Lodi News-Sentinel

Italy passes China with most coronaviru­s deaths

- By Jerrold Colten

Italy on Thursday surpassed China as the country with the most coronaviru­s deaths, as its number of fatalities reached 3,405 and the pandemic’s global spread accelerate­s.

With Europe now the epicenter of the outbreak, Italy has 41,035 total cases of the virus, civil protection officials said on Thursday. This includes 4,440 who have recovered from the illness. The country has been under a nationwide lockdown since earlier this month.

The number of deaths over the past day fell to 427 on Thursday from 475 on Wednesday.

Meanwhile, no new infections were reported in the Chinese city of Wuhan, where the outbreak began, and new cases have slowed to a trickle across China, a dramatic plunge from the height of an outbreak that has killed more than 3,000 there.
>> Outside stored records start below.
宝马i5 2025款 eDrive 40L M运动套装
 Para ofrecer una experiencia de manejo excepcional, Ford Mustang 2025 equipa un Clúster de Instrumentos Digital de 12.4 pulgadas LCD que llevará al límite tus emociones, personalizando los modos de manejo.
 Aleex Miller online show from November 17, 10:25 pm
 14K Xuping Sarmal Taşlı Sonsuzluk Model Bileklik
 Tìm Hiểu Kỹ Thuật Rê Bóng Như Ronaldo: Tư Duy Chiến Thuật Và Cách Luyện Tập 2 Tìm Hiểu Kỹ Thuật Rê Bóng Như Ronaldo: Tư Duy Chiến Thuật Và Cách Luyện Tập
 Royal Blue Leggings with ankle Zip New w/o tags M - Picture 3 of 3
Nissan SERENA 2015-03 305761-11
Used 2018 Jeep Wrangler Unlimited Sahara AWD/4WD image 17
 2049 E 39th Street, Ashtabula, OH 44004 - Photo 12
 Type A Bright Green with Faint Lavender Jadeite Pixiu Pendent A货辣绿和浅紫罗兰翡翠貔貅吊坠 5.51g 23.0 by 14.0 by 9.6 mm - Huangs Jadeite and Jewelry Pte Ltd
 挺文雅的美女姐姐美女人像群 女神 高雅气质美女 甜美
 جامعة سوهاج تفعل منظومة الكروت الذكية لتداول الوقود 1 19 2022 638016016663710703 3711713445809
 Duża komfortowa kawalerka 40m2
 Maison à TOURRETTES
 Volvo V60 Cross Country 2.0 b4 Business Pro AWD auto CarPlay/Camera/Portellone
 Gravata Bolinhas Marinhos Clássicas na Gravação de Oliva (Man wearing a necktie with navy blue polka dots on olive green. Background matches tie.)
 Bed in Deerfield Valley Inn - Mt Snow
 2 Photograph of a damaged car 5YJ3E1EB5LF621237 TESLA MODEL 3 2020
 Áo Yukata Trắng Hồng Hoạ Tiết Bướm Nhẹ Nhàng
Epidemiolo­gists warn the country could face subsequent waves of infections.

While the pandemic is spreading rapidly through Spain, France and other European countries, the disease has taken the heaviest toll on Italy.

There, the first cases were detected in late January among two Chinese tourists, but the virus then went undetected for about three weeks until a man in the northern region of Lombardy was diagnosed with the virus.

By that time the pathogen may already have been spreading, and the country reported its first deaths on Feb. 23. Since then the flare-up has been even more rapid than in China, despite ever tighter restrictio­ns on people’s movement across Italy after an initial quarantine of the towns at the heart of the outbreak proved inadequate.

Despite the devastatin­g impact of containmen­t measures on the economy, Prime Minister Giuseppe Conte said on Thursday that he will extend a nationwide lockdown beyond its original March 25 deadline. Schools, which had been scheduled to reopen

April 3, will stay closed longer than originally planned.

With the caseload surging, hospitals in Lombardy — which includes Italy’s economic and financial capital of Milan — have been overwhelme­d. Intensive care beds are running short and strapped medical profession­als are having to make triage decisions about whom to treat with life-saving equipment, according to doctors on the front lines.

One ray of hope may be that the rate of new confirmed coronaviru­s diagnoses has slowed in recent days. Italy, like some other European countries, has scaled back testing as the virus spreads, so more new cases may also be going undetected.

Europe overtook China in the total number of cases on Wednesday, with more than 80,000 diagnoses in each region. The official tally may vastly understate the actual infections, though. Health authoritie­s in the U.K. have said the actual number of cases is probably more than 20 times the reported figure.